Work request:
Reproduce the data below exactly. Skip the pictures.

Recorded information:
Segment Open

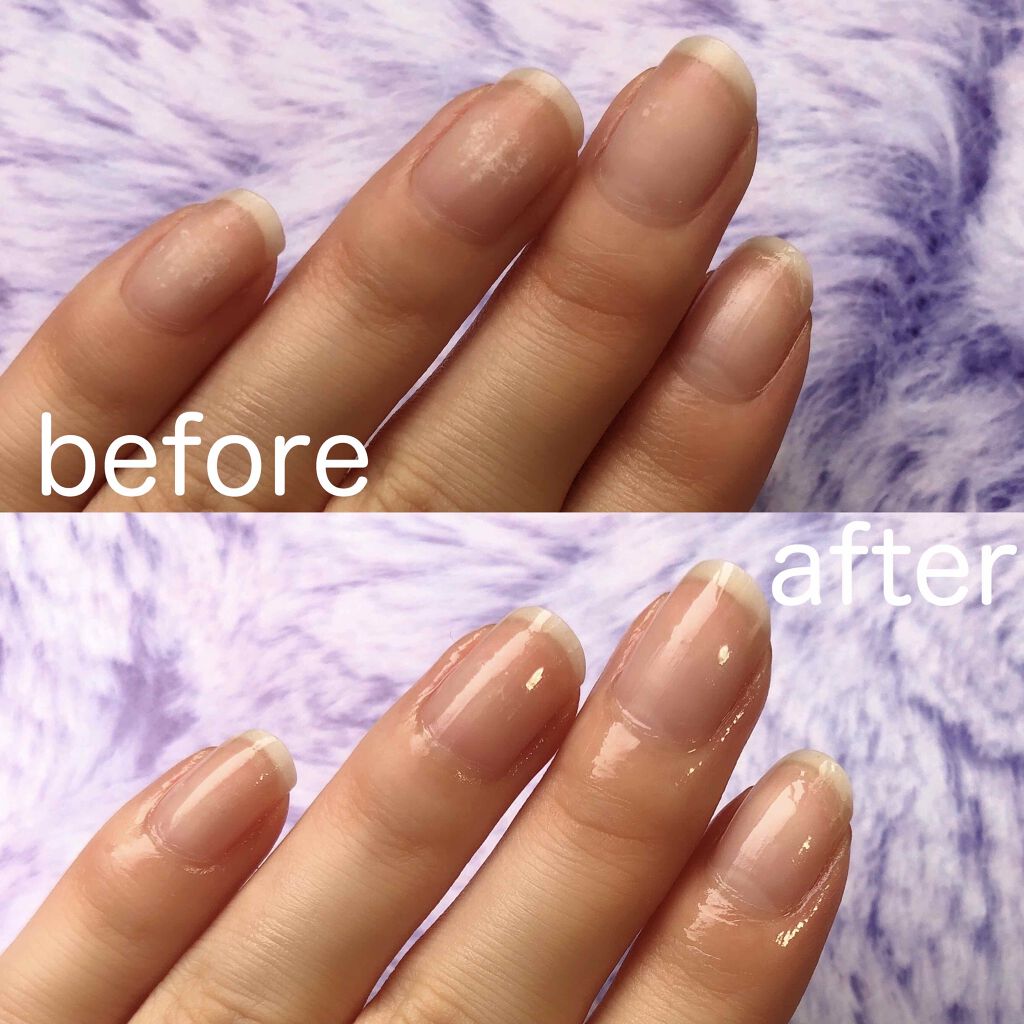 ドリームドロップネイルオイル プリンセスコレクション/SHOBIDO/ネイルオイル・トリートメントを使ったクチコミ(2枚目)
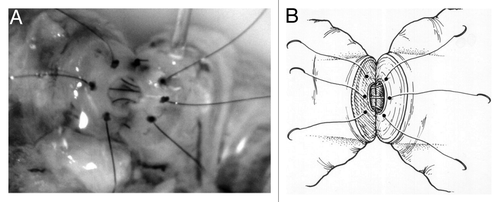 Figure 1. (A) Schematic representing re-approximation of vasal mucosa as part of a 4-layer closure using 10–0 nylon sutures with the microdot technique. (B) Intraoperative vasovasostomy repair – note the microdots spaced approximately 20 µm in diameter.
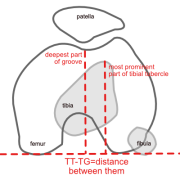 TT-TG distance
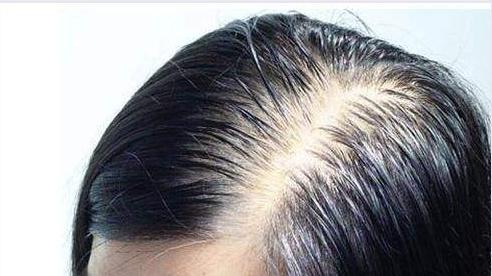 脱发|脱发秃顶，可能是这些原因引起的！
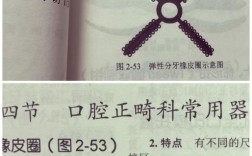 正畸带环左右上下标识如何区分？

Segment Closed

Solution to the exercise:
 ドリームドロップネイルオイル プリンセスコレクション/SHOBIDO/ネイルオイル・トリートメントを使ったクチコミ(2枚目)
 Figure 1. (A) Schematic representing re-approximation of vasal mucosa as part of a 4-layer closure using 10–0 nylon sutures with the microdot technique. (B) Intraoperative vasovasostomy repair – note the microdots spaced approximately 20 µm in diameter.
 TT-TG distance
 脱发|脱发秃顶，可能是这些原因引起的！
 正畸带环左右上下标识如何区分？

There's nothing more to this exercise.